I wax at least once a week and have checked for burs as well ad I can with the peep in. The rest of the string looks brand new I was hoping I wouldn't have to replace it but that's not looking too good


----------



## Deer Eliminator (Jan 21, 2010)

Blaylock6502 said:


> I wax at least once a week and have checked for burs as well ad I can with the peep in. The rest of the string looks brand new I was hoping I wouldn't have to replace it but that's not looking too good


What string material is it?


----------



## dwagoner (Sep 27, 2007)

if thats the only area like that and rest of string still looks great it kinda makes me wonder, i see a little above it frayed a tiny bit but it also doesnt look like you have the actual peep tied in??? does it slide around on the string a little bit and maybe thats why the peep area is only area frayed??? not sure why people dont tie the peep, its about the most crucial part that you dont want to move, but i see many that dont and it makes me wonder why they dont


----------



## Blaylock6502 (Mar 1, 2012)

Im not sure what the material is I would have to check with the shop I bought it from.
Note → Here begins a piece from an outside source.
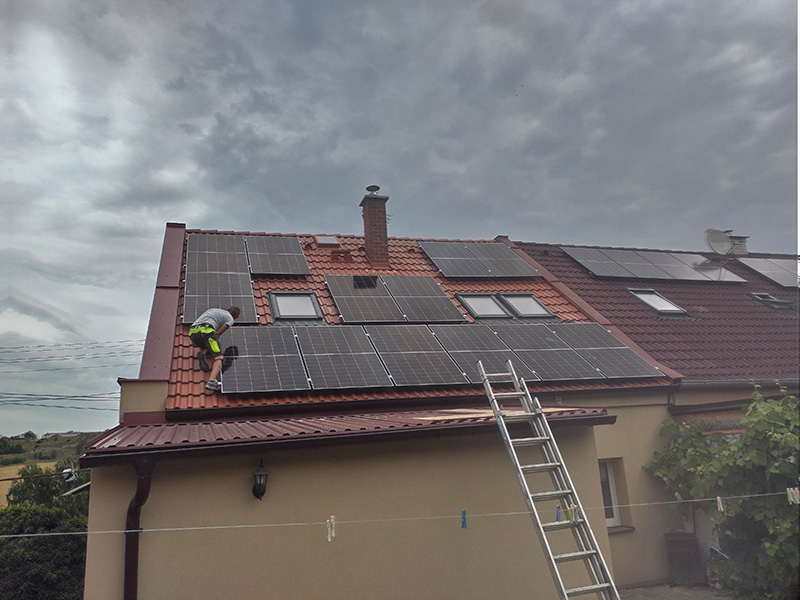 Elektrárna do 10kWp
And it's the first time I looked that close (my fault I suppose) but the serving doesn't actually go around the peep


----------



## Blaylock6502 (Mar 1, 2012)

Does this look like it's to the point of being dangerous?


----------



## 60X (Nov 8, 2002)

You can CAREFULLY melt them down and hit with some heavy wax. You can check the peep but I'm going to say it was user error when it was installed. Depending how the string was seperated for the peep makes a huge difference. I could write a book on all the horror stories I've heard with peep installs.


----------



## Blaylock6502 (Mar 1, 2012)

It is a widowmaker string from mt carmel Illinois which I've always had good luck with and make no mistake I love his strings and never thought it was a question of quality I just didn't know if it was something I did as a user or the guy who installed the peep. And of course he is no longer there.


----------



## Blaylock6502 (Mar 1, 2012)

I called jerry jones today of bowdoctor and widowmaker custom strings In mt carmel Illinois and told him what was going on he said just lightly touch the strands with a lighter so I did it, waxed it really good and reserved it. Laugh if you will but It was my first try and I was pretty [email protected]#n proud of myself! Jerry was super nice and helpful and makes an awesome product so if your in the mt carmel Illinois look up bowdoctor or look him up on facebook. And Thanks to all the at guys for the input!


----------